WORK ORDER — Give back exactly the line containing "You Can't Be" and all that follow it in the data below, with the pictures left out.

DATA SHOWN —

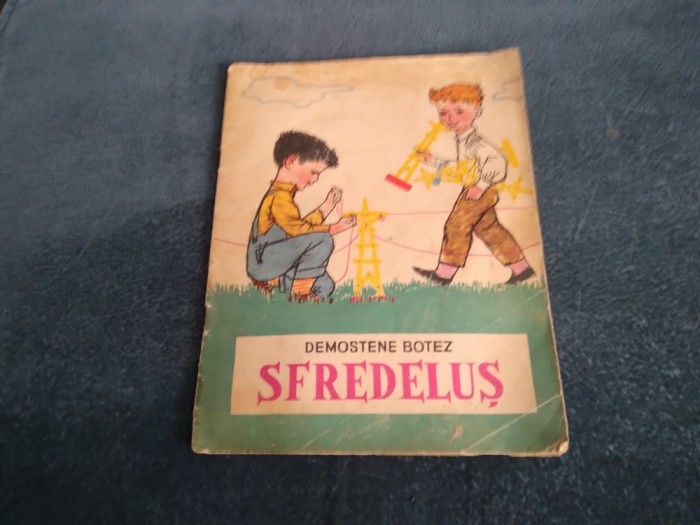 DEMOSTENE BOTEZ - SFREDELUS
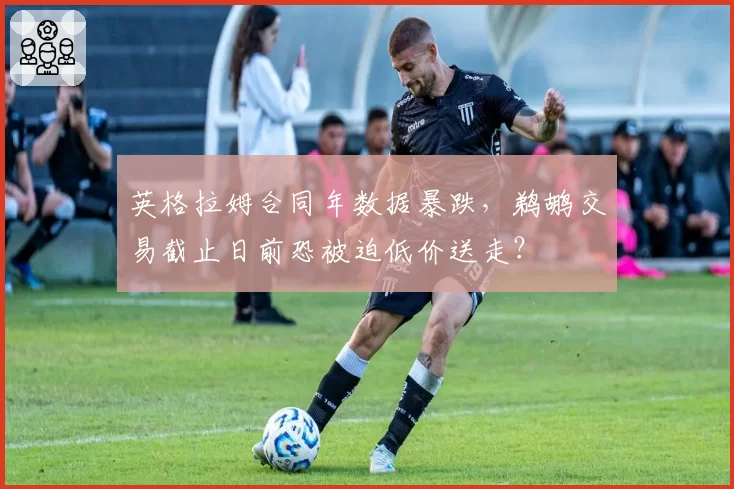 英格拉姆合同年数据暴跌,鹈鹕交易截止日前恐被迫低价送走?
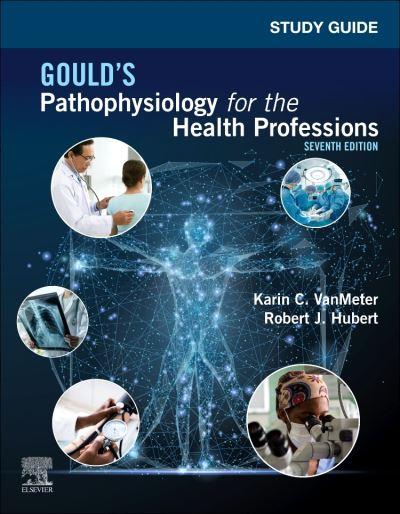 Study Guide For Gould's Pathophysiology For the Health Profe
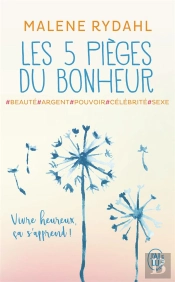 Les 5 Pièges Du Bonheur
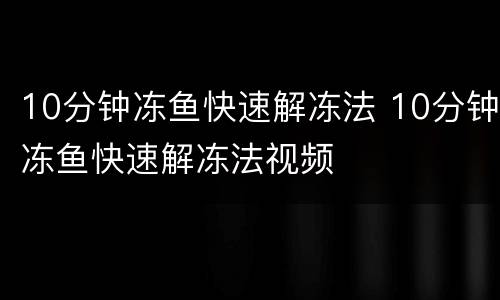 10分钟冻鱼快速解冻法 10分钟冻鱼快速解冻法视频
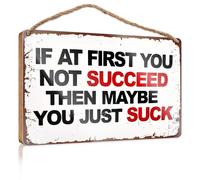 Divertidos letreros de escritorio con texto en inglés "If At First You Don't Succeed, Then Maybe You Just Suck". Decoración para dormitorio, campista (20 x 30 cm)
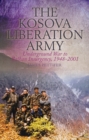 Image for The Kosova Liberation Army  : underground war to Balkan insurgency, 1948-2001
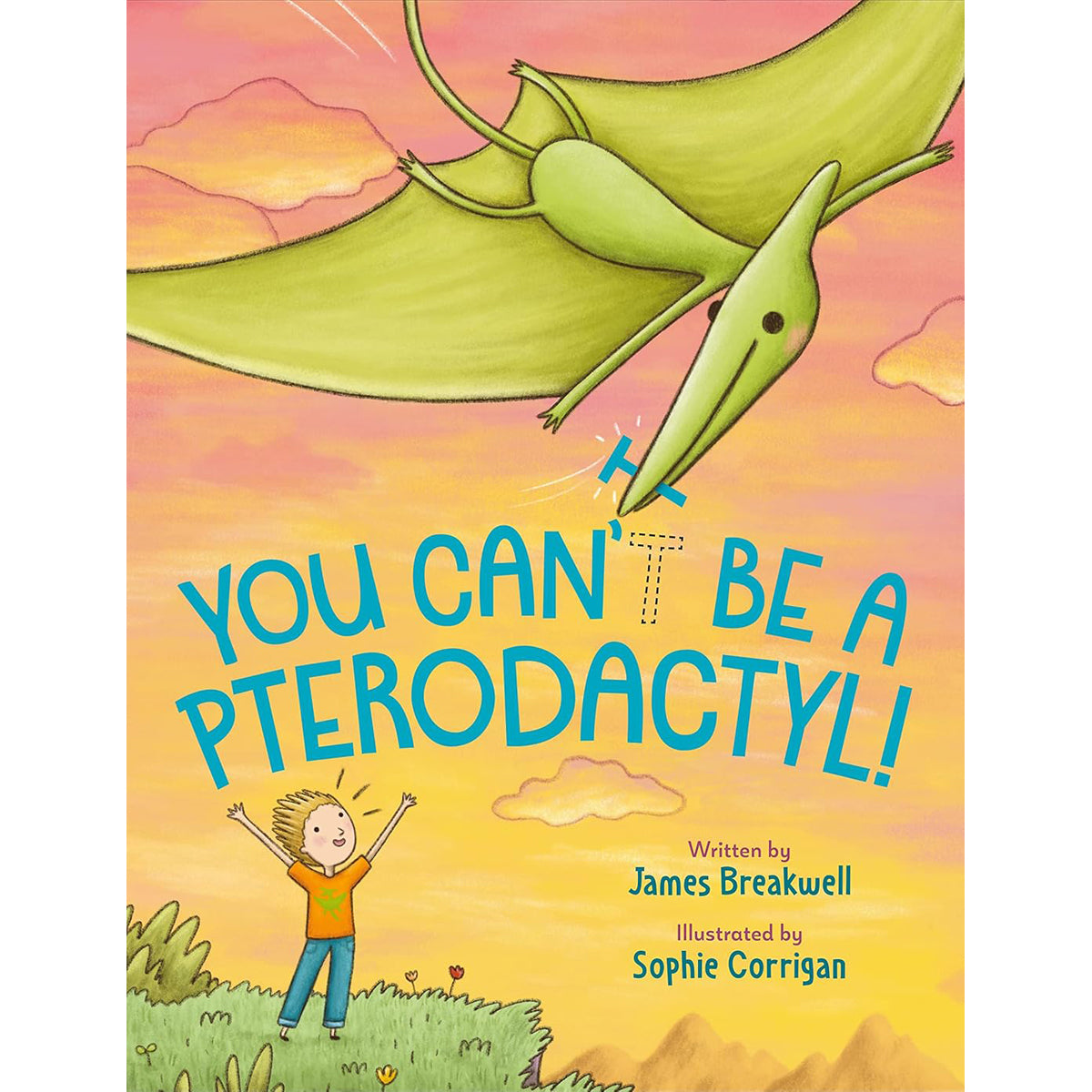 You Can't Be a Pterodactyl!: Children's Storybook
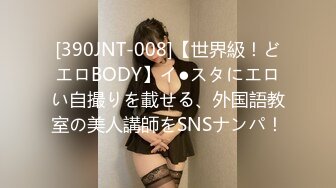 [390JNT-008]【世界級！どエロBODY】イ●スタにエロい自撮りを載せる、外国語教室の美人講師をSNSナンパ！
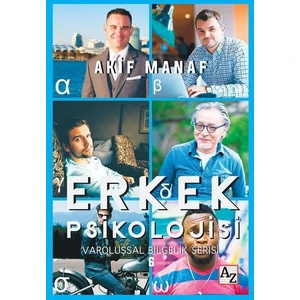 Erkek Psikolojisi - Akif Manaf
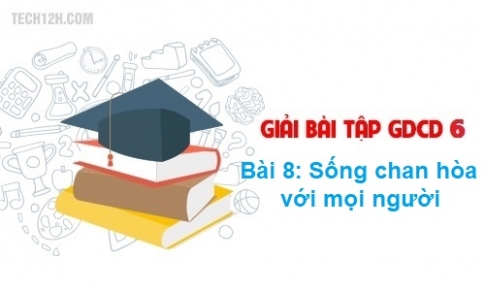 Bài 8: Sống chan hòa với mọi người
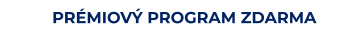 PRÉMIOVÝ PROGRAM ZDARMA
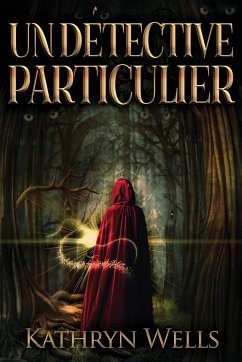 Un Détective Particulier - Wells, Kathryn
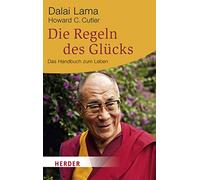 Die Regeln des Glucks: Ein Handbuch zum Leben. Mit einem aktuellen Vorwort und einer neuen Einführung: 6247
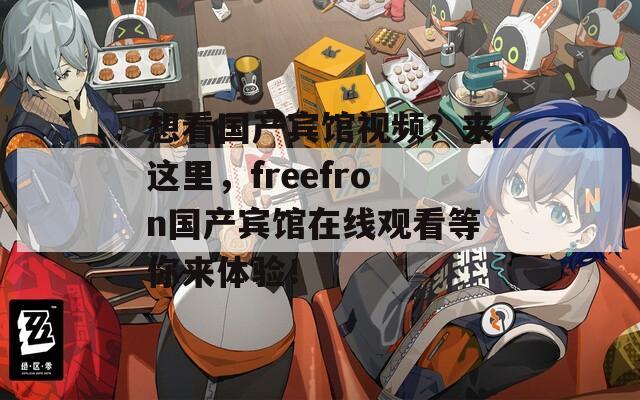 想看国产宾馆视频？来这里，freefron国产宾馆在线观看等你来体验！
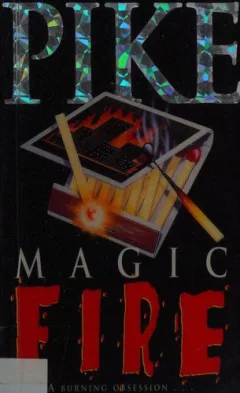 Magic fire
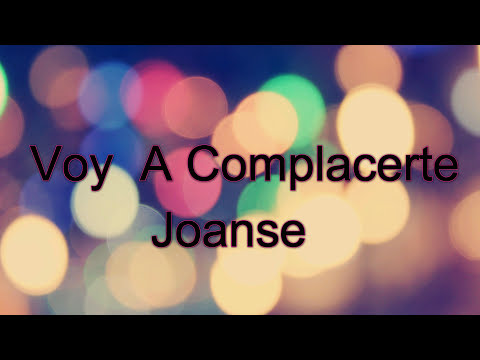 JOANSE - Voy A Complacerte (DAMTE STUDIO) (LYRIC)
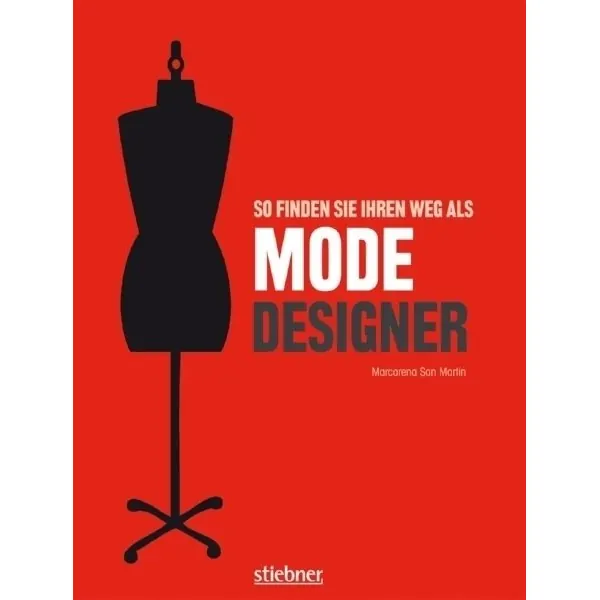 So finden sie ihren Weg als Modedesigner, Stiebner Verlag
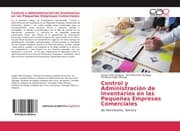 Cover von Control y Administración de Inventarios en las Pequeñas Empresas Comerciales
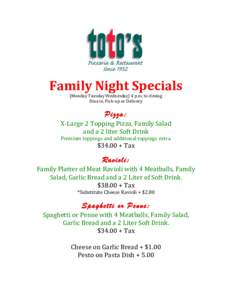    	
   Family	
  Night	
  Specials	
   (Monday	
  Tuesday	
  Wednesday)	
  4	
  p.m.	
  to	
  closing	
  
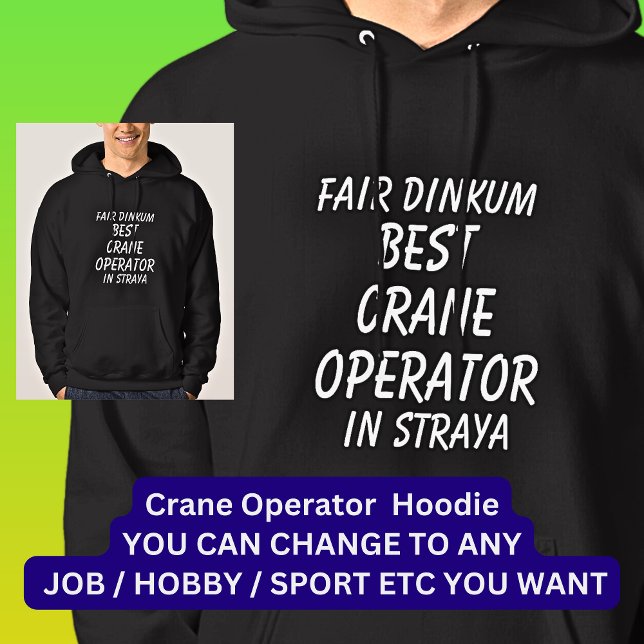 Moletom Fair Dinkum BEST CRANE OPERATOR EM Straya (Criador carregado)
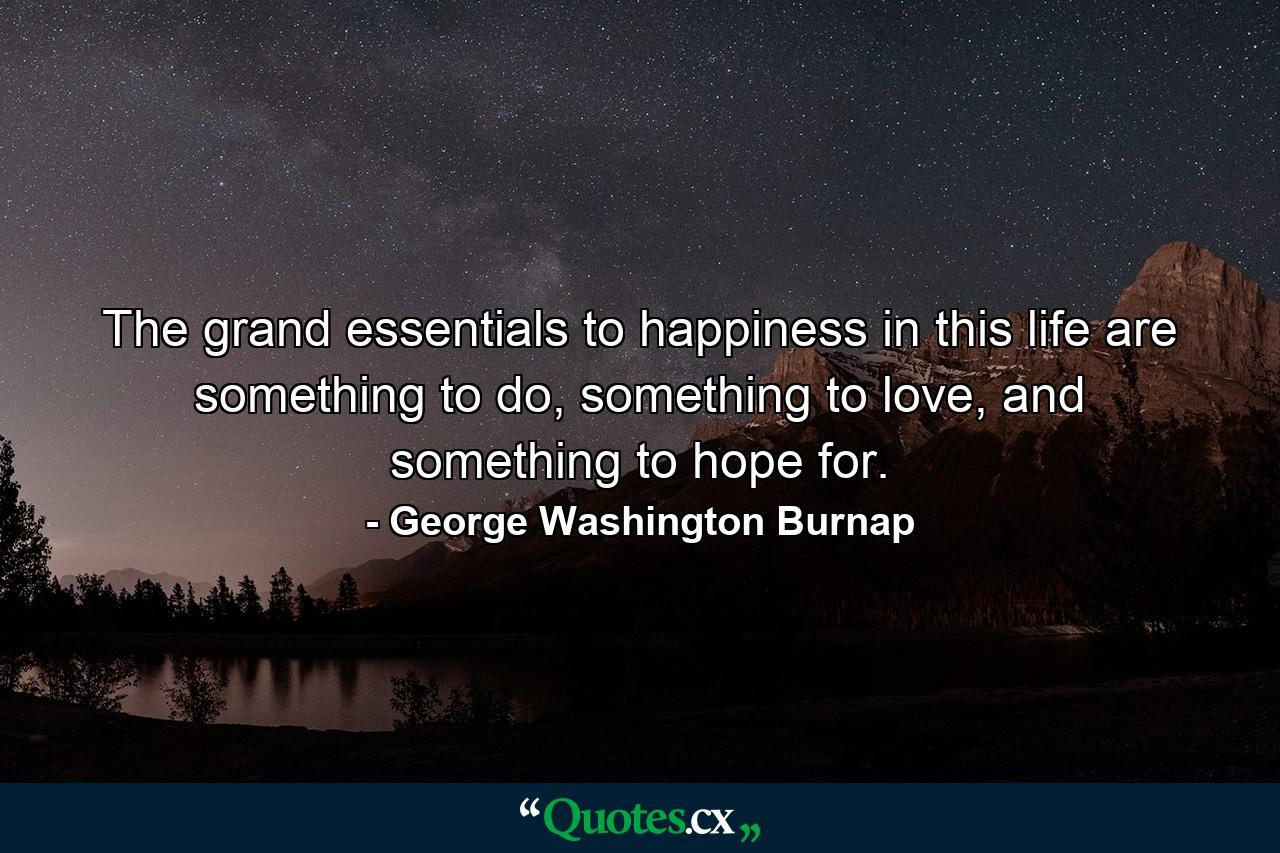 The grand essentials to happiness in this life are something to do, something to love, and something to hope for. - Quote by George Washington Burnap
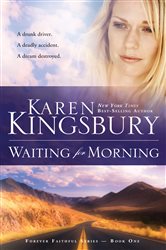 Book cover: Waiting for Morning (Book 1 of Forever Faithful) by Karen Kingsbury (preview)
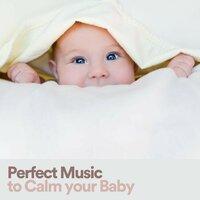 Perfect Music to Calm Your Baby
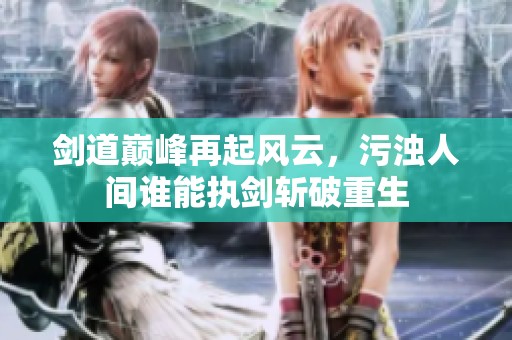 剑道巅峰再起风云，污浊人间谁能执剑斩破重生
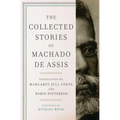 The Collected Stories of Machado de Assis - Hardcover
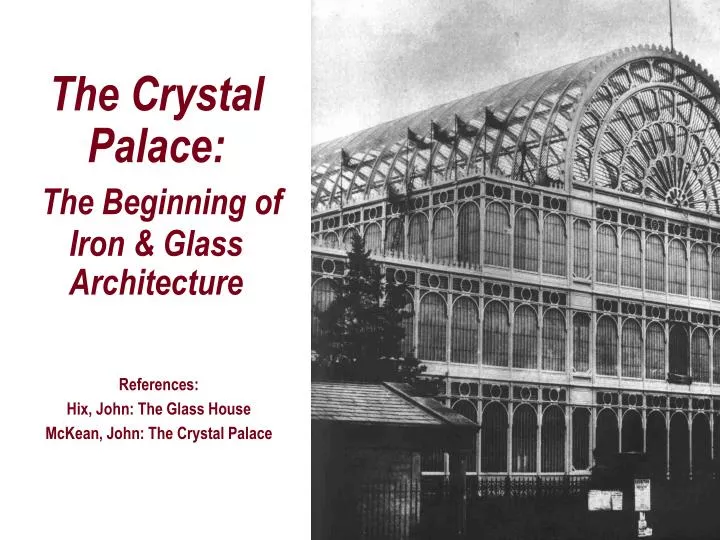the crystal palace the beginning of iron glass architecture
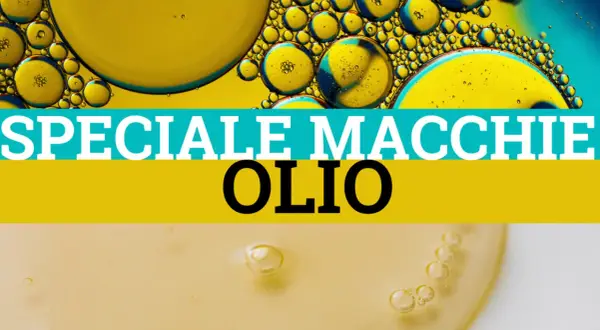 Bollicine d'olio su sfondo giallo e blu. Testo: "SPECIALE MACCHIE OLIO". Come rimuovere una macchia olio dai pantaloni.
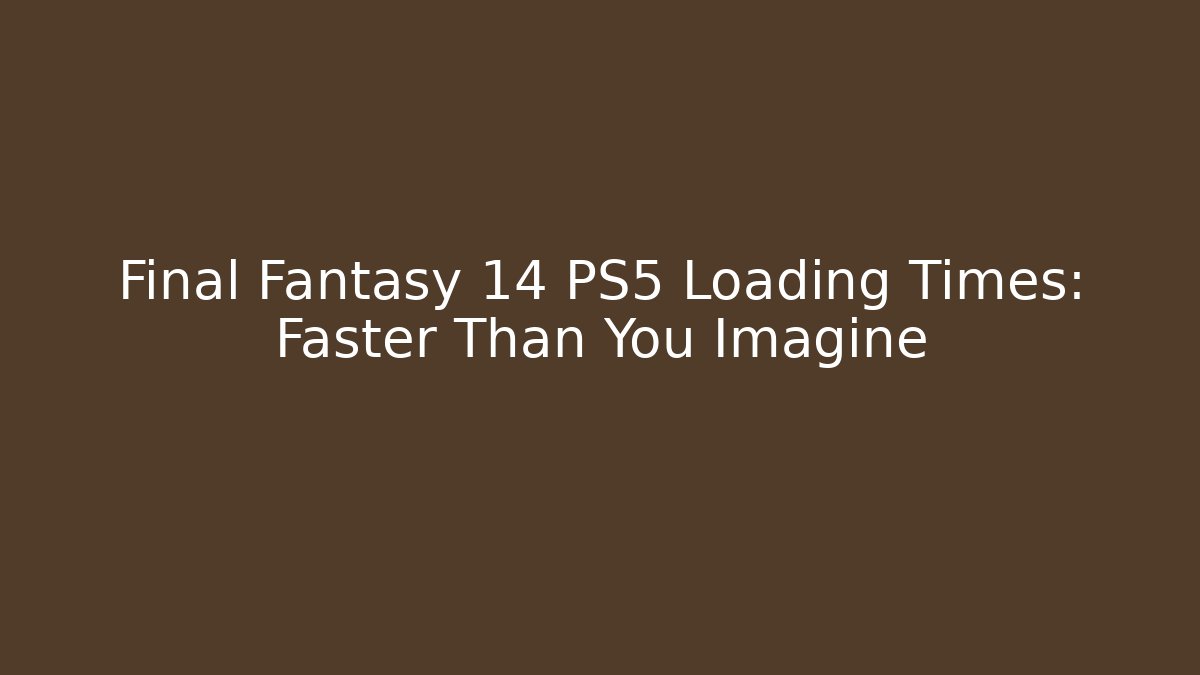 Final Fantasy 14 PS5 Loading Times: Faster Than You Imagine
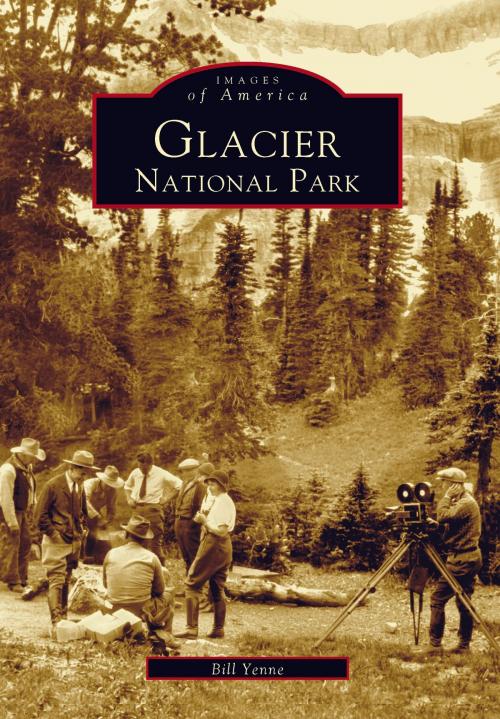 Cover of the book Glacier National Park by Bill Yenne, Arcadia Publishing Inc.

TASK OUTPUT —
 You Can't Be a Pterodactyl!: Children's Storybook
 [390JNT-008]【世界級！どエロBODY】イ●スタにエロい自撮りを載せる、外国語教室の美人講師をSNSナンパ！
 Erkek Psikolojisi - Akif Manaf
 Bài 8: Sống chan hòa với mọi người
 PRÉMIOVÝ PROGRAM ZDARMA
 Un Détective Particulier - Wells, Kathryn
 Die Regeln des Glucks: Ein Handbuch zum Leben. Mit einem aktuellen Vorwort und einer neuen Einführung: 6247
 想看国产宾馆视频？来这里，freefron国产宾馆在线观看等你来体验！
 Magic fire
 JOANSE - Voy A Complacerte (DAMTE STUDIO) (LYRIC)
 So finden sie ihren Weg als Modedesigner, Stiebner Verlag
 Cover von Control y Administración de Inventarios en las Pequeñas Empresas Comerciales
   Family	
  Night	
  Specials	
   (Monday	
  Tuesday	
  Wednesday)	
  4	
  p.m.	
  to	
  closing	
  
 Moletom Fair Dinkum BEST CRANE OPERATOR EM Straya (Criador carregado)
 The grand essentials to happiness in this life are something to do, something to love, and something to hope for. - Quote by George Washington Burnap
 Book cover: Waiting for Morning (Book 1 of Forever Faithful) by Karen Kingsbury (preview)
 Perfect Music to Calm Your Baby
 剑道巅峰再起风云，污浊人间谁能执剑斩破重生
 The Collected Stories of Machado de Assis - Hardcover
the crystal palace the beginning of iron glass architecture
 Bollicine d'olio su sfondo giallo e blu. Testo: "SPECIALE MACCHIE OLIO". Come rimuovere una macchia olio dai pantaloni.
 Final Fantasy 14 PS5 Loading Times: Faster Than You Imagine
 Cover of the book Glacier National Park by Bill Yenne, Arcadia Publishing Inc.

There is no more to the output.